44°F
weather icon Partly Cloudy

Las Vegas police investigating LVCVA airline gift card scandal

Updated July 9, 2018 - 12:46 pm

Las Vegas police are conducting a criminal investigation into the handling of $90,000 worth of Southwest Airlines gift cards secretly purchased by the Las Vegas Convention and Visitors Authority, the Review-Journal has learned.

Detectives from the Metropolitan Police Department’s criminal intelligence section showed up June 28 at the office of Ed Finger, the convention authority’s chief financial officer, and left with records related to an audit that found that the agency had misused the airline cards, informed sources said.

Police are looking at possible theft and embezzlement charges, one of the sources said.

“It’s bothersome, but when the law gets involved, you want to do the right thing,” Clark County Commissioner Lawrence Weekly, who chairs the authority’s board, said Monday. “We’re just making sure that everybody answers whatever questions that need to be answered.”

Bill Noonan, who chairs the board’s audit committee, said the panel viewed the audit as a serious matter.

“As such, we will cooperate fully as an audit committee with any request for information,” he said.

Authority executive Brig Lawson hid the gift card purchases, and auditors could not account for more than $50,000 worth of the cards, an audit report showed last month.

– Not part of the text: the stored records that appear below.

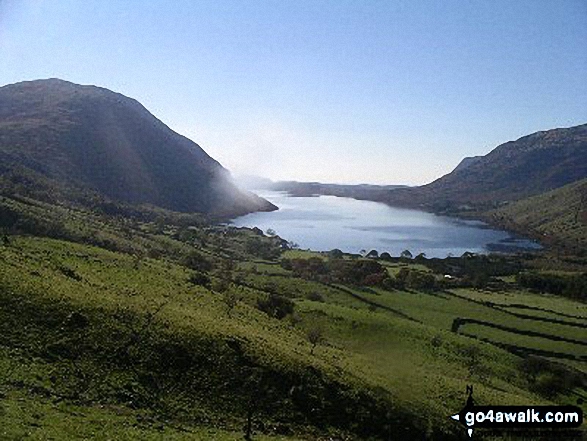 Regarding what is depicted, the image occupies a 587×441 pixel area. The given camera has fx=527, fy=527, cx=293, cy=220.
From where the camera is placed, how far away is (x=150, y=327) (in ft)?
133

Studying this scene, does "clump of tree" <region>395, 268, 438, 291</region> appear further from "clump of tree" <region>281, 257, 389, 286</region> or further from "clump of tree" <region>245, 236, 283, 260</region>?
"clump of tree" <region>245, 236, 283, 260</region>

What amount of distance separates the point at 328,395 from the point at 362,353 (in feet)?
77.2

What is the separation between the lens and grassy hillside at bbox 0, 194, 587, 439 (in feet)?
102

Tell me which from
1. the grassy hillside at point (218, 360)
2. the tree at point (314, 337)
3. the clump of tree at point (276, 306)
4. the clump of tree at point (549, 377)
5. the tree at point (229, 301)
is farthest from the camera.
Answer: the clump of tree at point (276, 306)

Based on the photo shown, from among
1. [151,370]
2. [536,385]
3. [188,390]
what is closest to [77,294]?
[151,370]

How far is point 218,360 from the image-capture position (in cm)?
3872

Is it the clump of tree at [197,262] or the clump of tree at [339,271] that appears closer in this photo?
the clump of tree at [197,262]

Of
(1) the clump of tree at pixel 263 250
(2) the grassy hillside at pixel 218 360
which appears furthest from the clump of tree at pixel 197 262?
(1) the clump of tree at pixel 263 250

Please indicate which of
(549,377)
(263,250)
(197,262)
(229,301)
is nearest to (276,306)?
(229,301)

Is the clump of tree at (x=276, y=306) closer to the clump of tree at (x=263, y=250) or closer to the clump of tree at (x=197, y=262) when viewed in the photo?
the clump of tree at (x=197, y=262)

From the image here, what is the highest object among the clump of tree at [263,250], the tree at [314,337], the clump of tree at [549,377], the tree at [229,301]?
the tree at [229,301]

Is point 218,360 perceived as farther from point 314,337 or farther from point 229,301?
point 229,301

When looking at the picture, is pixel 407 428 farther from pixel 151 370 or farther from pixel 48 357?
pixel 48 357

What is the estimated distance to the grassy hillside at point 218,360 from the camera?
31219 mm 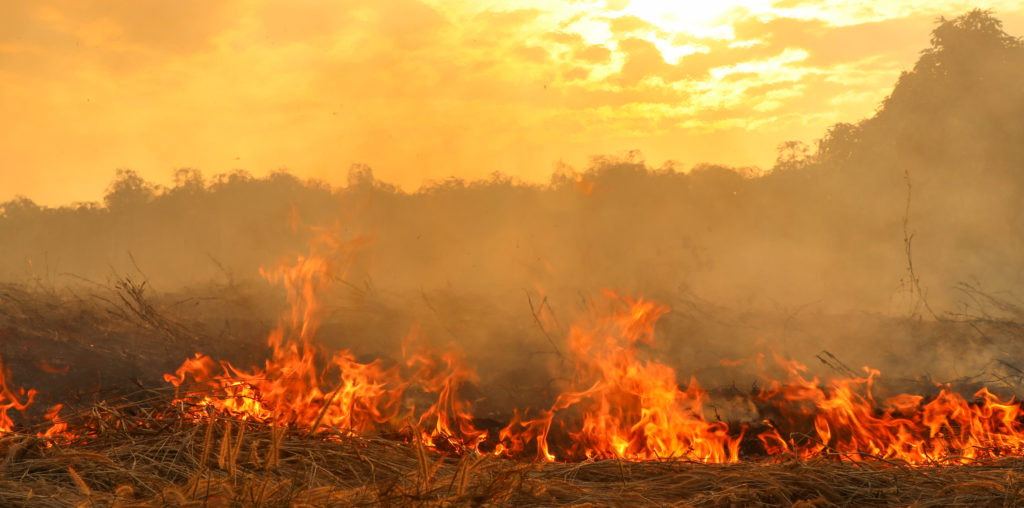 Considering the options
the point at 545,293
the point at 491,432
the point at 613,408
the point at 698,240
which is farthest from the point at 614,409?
the point at 698,240

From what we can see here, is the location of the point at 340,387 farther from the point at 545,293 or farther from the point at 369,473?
the point at 545,293

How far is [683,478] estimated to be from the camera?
3.57 m

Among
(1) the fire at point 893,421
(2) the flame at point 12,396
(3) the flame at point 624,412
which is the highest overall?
(2) the flame at point 12,396

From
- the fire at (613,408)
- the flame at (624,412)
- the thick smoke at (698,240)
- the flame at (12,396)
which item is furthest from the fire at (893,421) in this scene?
the flame at (12,396)

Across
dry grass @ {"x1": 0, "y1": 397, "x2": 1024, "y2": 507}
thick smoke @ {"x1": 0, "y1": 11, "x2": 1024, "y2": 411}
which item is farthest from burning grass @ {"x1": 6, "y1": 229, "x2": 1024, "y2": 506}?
thick smoke @ {"x1": 0, "y1": 11, "x2": 1024, "y2": 411}

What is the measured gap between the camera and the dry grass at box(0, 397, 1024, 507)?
2826mm

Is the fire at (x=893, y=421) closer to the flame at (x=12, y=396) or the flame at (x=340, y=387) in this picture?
the flame at (x=340, y=387)

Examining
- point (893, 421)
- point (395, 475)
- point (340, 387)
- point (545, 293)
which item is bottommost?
point (893, 421)

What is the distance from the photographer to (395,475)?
291 cm

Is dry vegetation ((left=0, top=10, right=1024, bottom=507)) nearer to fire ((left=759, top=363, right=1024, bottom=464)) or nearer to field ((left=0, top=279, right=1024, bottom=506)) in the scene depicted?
field ((left=0, top=279, right=1024, bottom=506))

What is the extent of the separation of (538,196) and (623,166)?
2.28 m

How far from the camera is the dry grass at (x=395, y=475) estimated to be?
2826mm

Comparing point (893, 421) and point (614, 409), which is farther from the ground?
point (614, 409)

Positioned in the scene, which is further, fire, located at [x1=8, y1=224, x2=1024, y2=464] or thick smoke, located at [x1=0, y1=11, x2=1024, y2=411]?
thick smoke, located at [x1=0, y1=11, x2=1024, y2=411] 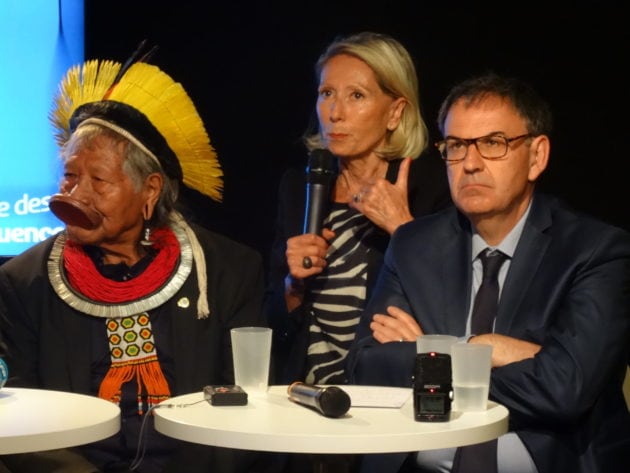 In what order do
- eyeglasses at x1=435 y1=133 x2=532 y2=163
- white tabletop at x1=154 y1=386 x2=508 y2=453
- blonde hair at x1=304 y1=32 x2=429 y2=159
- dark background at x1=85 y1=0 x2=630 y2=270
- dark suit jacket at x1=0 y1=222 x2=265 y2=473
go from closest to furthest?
1. white tabletop at x1=154 y1=386 x2=508 y2=453
2. eyeglasses at x1=435 y1=133 x2=532 y2=163
3. dark suit jacket at x1=0 y1=222 x2=265 y2=473
4. blonde hair at x1=304 y1=32 x2=429 y2=159
5. dark background at x1=85 y1=0 x2=630 y2=270

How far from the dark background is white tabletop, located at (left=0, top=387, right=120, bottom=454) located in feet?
6.05

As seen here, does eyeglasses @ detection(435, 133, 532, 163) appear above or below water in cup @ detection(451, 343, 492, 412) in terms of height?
above

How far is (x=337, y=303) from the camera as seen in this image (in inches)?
152

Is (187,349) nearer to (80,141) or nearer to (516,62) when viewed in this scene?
(80,141)

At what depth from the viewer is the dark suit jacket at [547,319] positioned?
2.94 m

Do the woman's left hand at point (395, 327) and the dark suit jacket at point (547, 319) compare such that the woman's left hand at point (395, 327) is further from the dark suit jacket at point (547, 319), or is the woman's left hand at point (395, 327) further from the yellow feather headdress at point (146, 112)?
the yellow feather headdress at point (146, 112)

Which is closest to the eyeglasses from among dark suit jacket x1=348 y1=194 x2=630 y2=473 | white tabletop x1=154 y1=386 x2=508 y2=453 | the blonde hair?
dark suit jacket x1=348 y1=194 x2=630 y2=473

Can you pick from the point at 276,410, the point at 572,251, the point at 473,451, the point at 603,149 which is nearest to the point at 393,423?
the point at 276,410

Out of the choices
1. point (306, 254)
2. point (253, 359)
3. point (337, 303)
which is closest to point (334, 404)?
point (253, 359)

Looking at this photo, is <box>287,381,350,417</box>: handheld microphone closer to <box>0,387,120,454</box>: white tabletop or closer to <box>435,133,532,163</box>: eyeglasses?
<box>0,387,120,454</box>: white tabletop

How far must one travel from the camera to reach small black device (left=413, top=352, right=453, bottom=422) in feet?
8.27

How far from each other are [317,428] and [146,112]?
1.62 m

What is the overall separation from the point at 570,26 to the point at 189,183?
165 cm

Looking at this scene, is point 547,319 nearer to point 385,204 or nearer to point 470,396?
point 470,396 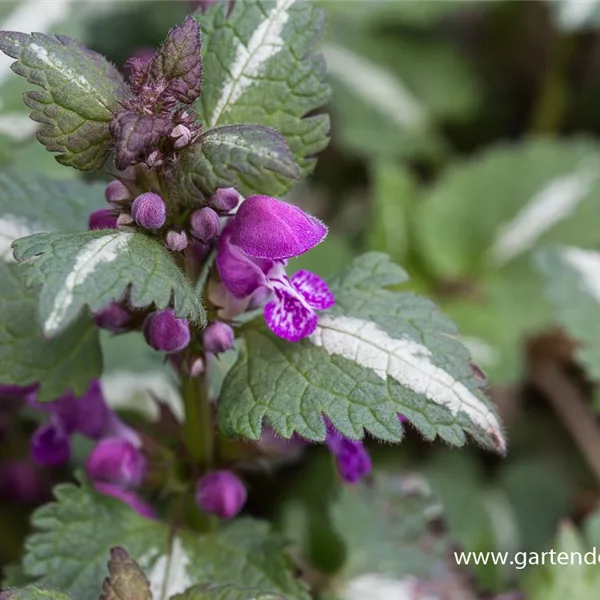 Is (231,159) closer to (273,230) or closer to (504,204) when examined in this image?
(273,230)

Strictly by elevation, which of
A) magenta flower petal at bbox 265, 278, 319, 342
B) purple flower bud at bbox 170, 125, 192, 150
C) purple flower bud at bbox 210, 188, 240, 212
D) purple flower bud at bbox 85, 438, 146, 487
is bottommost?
purple flower bud at bbox 85, 438, 146, 487

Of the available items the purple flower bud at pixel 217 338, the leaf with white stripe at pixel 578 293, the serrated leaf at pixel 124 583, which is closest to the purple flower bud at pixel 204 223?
the purple flower bud at pixel 217 338

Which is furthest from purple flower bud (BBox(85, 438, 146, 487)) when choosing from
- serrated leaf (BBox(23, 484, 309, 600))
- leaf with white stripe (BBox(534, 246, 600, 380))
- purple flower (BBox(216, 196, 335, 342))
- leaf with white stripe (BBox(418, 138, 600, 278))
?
leaf with white stripe (BBox(418, 138, 600, 278))

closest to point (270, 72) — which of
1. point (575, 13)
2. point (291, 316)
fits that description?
point (291, 316)

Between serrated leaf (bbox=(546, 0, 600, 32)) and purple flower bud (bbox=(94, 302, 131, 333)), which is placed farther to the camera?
serrated leaf (bbox=(546, 0, 600, 32))

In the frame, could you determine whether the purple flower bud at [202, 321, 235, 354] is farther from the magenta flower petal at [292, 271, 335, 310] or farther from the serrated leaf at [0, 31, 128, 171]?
the serrated leaf at [0, 31, 128, 171] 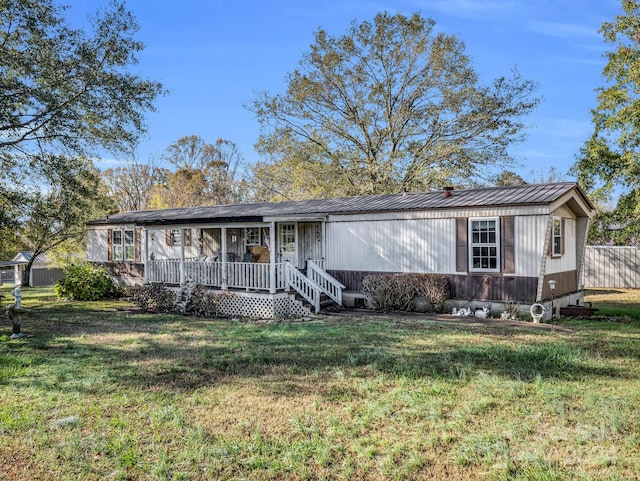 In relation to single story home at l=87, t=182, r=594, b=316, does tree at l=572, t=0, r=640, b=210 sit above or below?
above

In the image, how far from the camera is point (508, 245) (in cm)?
1162

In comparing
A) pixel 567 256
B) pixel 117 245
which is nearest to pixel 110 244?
pixel 117 245

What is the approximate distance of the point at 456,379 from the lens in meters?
6.22

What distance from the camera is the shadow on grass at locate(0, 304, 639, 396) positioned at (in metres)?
6.54

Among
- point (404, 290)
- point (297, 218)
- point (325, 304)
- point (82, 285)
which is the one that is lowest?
point (325, 304)

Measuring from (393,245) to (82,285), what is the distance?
472 inches

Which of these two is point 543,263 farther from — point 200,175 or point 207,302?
point 200,175

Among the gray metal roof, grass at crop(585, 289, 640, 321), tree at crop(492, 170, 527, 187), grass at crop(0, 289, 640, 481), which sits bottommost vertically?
grass at crop(585, 289, 640, 321)

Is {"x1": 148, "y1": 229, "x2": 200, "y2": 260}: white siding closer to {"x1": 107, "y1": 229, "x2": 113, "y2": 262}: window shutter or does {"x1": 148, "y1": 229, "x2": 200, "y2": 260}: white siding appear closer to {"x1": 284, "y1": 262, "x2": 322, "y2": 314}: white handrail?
{"x1": 107, "y1": 229, "x2": 113, "y2": 262}: window shutter

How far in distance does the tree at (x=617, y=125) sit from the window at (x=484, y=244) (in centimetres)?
595

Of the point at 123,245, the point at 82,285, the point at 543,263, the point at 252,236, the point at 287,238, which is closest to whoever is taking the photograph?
the point at 543,263

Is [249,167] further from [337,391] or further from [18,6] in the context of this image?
[337,391]

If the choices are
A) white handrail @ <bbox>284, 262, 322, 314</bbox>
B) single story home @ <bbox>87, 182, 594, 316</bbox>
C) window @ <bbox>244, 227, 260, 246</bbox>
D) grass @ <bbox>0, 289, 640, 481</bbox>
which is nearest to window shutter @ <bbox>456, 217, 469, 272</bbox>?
single story home @ <bbox>87, 182, 594, 316</bbox>

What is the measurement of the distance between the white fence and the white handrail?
13016 mm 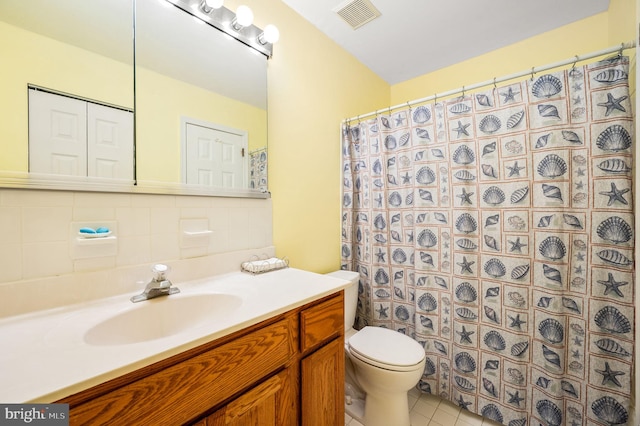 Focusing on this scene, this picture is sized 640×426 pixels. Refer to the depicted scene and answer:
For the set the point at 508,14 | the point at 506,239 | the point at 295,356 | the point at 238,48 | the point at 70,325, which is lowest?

The tourism agency’s CEO, Rossi Ralenkotter, used $16,207 in cards to take personal trips with his wife. Weekly also used about $700 in travel cards for a trip with his daughter.

Lawson has since resigned as the authority’s senior director of business partnerships, and both Weekly and Ralenkotter reimbursed the authority for the cards they used. Ralenkotter is now considering retirement after 14 years at the helm of the publicly funded agency.

Convention authority spokeswoman Jacqueline Peterson on Monday would not discuss the police investigation.

“We are committed to transparency, and of course we respond to questions and requests for information,” she said. “You will need to direct inquires for specific information to Metro.”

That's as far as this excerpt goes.